━━ SUPPLIED DATA
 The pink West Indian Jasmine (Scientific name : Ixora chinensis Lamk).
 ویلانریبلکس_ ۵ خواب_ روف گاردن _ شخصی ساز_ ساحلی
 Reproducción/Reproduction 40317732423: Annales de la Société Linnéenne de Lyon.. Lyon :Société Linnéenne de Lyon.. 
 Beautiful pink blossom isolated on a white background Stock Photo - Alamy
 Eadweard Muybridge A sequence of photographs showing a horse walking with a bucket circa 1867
━━━━
━━ SUPPLIED DATA
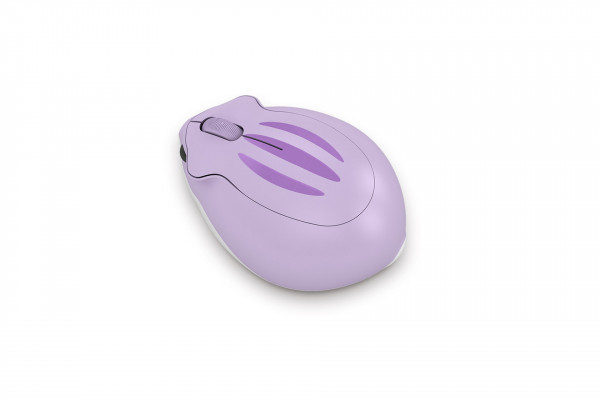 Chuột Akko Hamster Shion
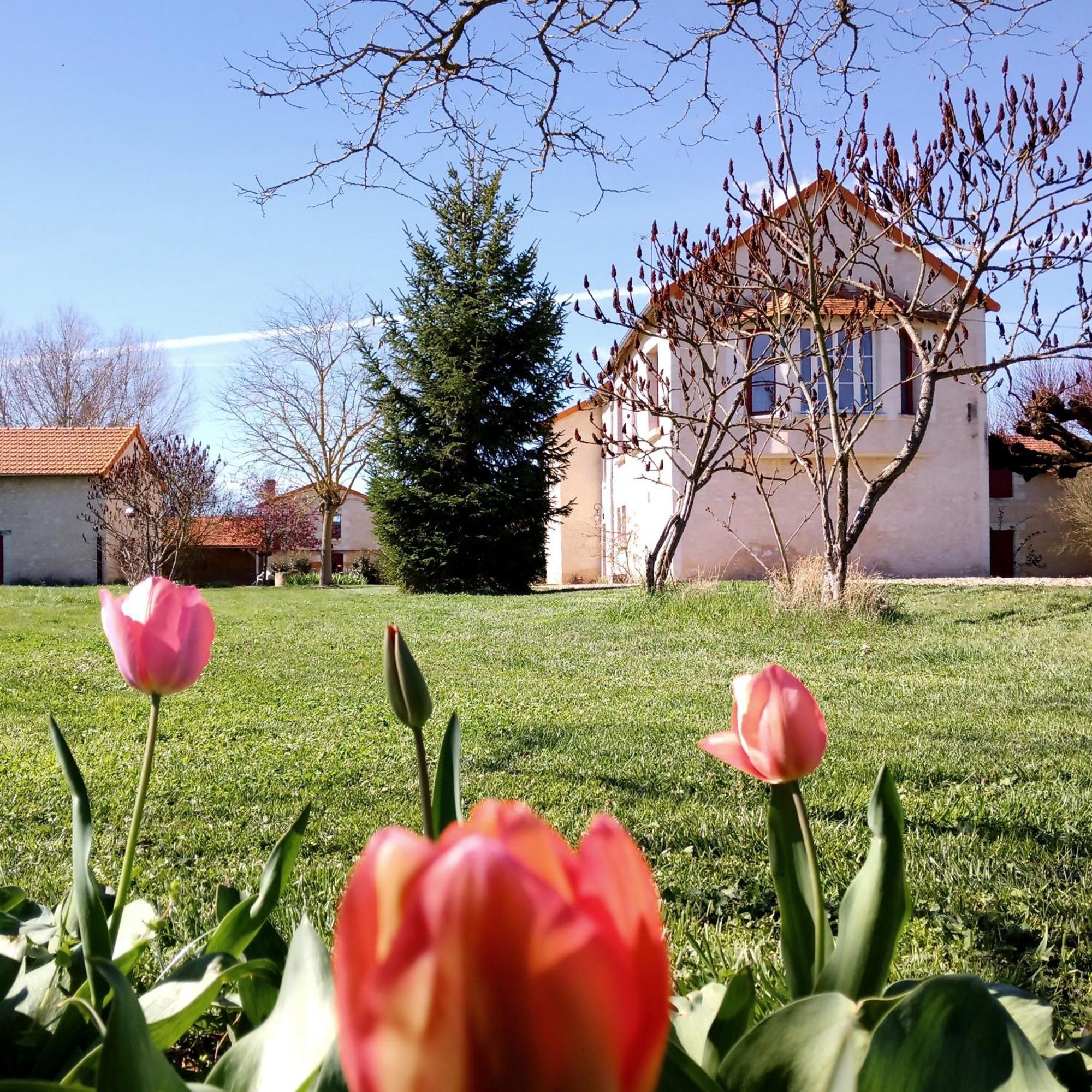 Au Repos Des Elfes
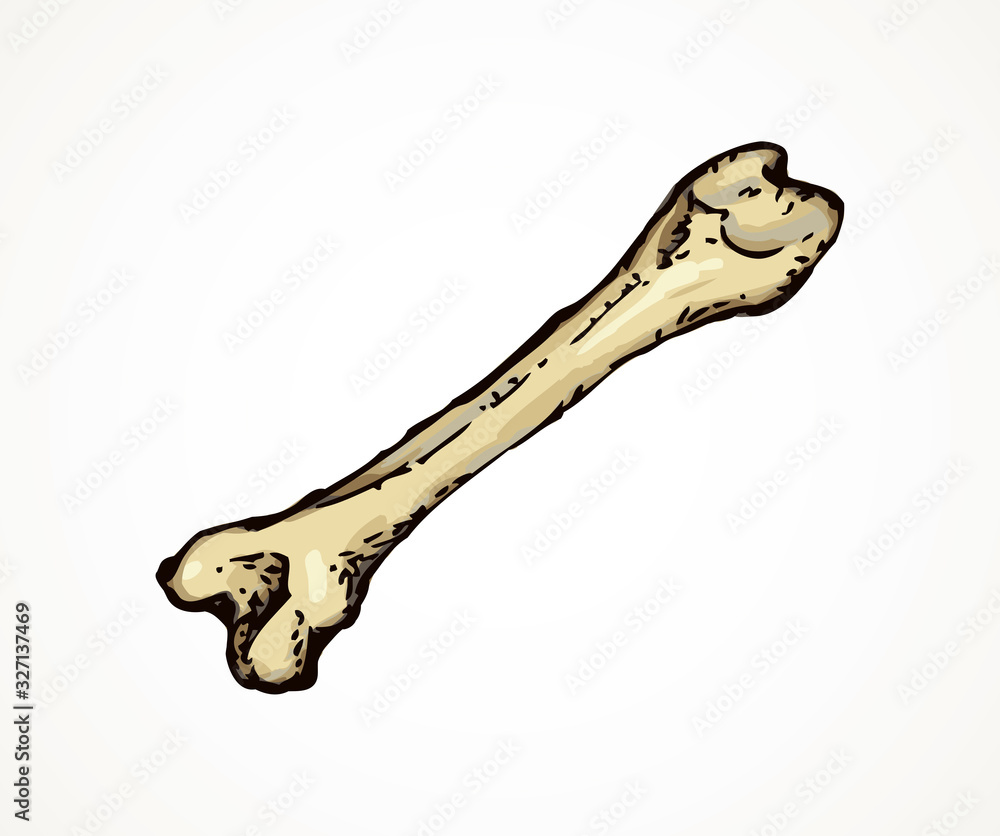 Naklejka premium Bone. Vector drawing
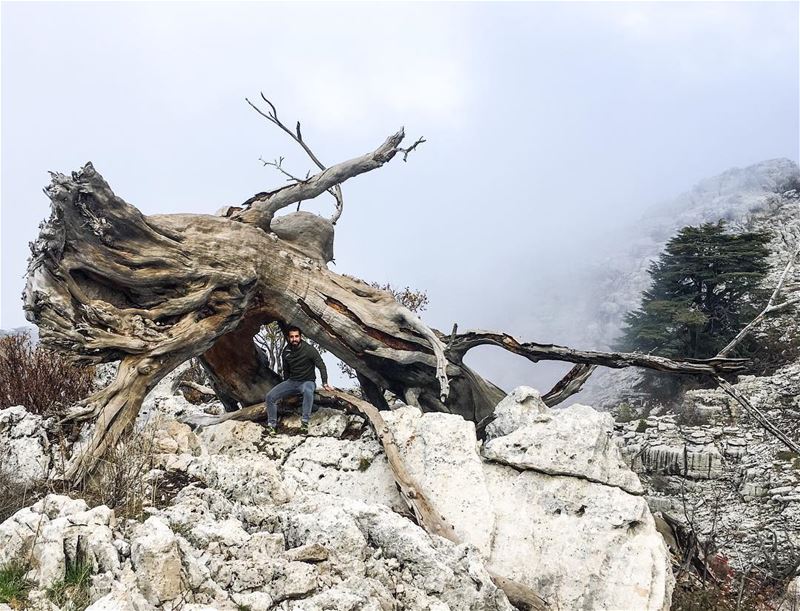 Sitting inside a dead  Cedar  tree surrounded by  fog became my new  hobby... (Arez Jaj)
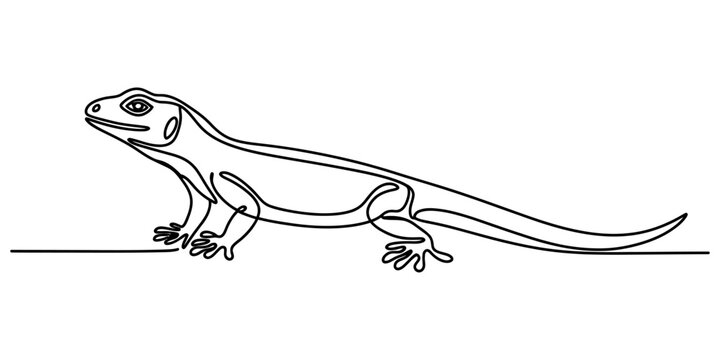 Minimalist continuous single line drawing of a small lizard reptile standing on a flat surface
━━━━
━━ SUPPLIED DATA
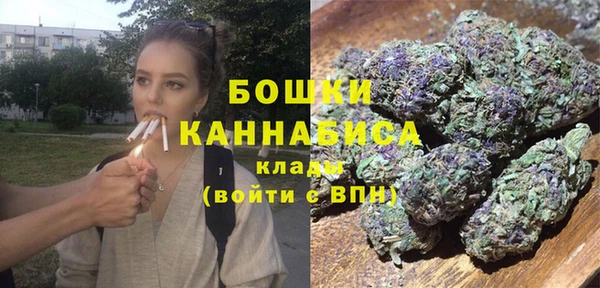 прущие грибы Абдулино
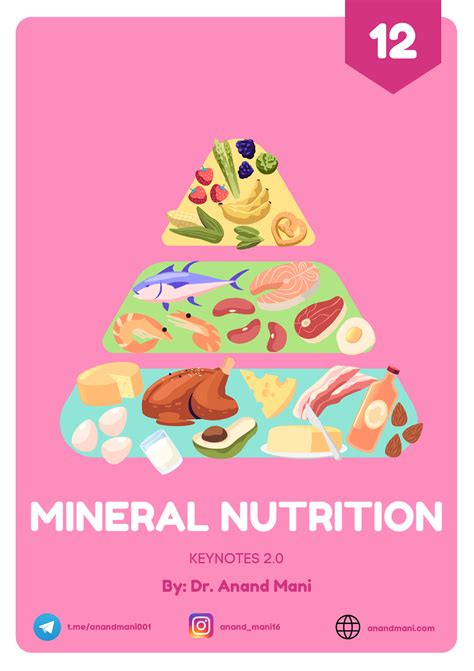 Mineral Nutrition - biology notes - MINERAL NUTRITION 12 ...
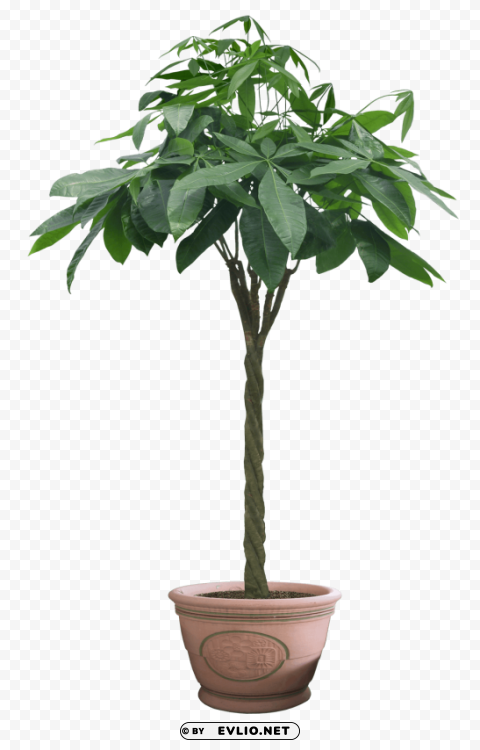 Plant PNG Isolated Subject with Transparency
━━━━
In the listing above, find the line with "Sitting inside a" and the line with "Minimalist continuous single". Output both, plus every line between them, and no pictures.

 Sitting inside a dead  Cedar  tree surrounded by  fog became my new  hobby... (Arez Jaj)
 Minimalist continuous single line drawing of a small lizard reptile standing on a flat surface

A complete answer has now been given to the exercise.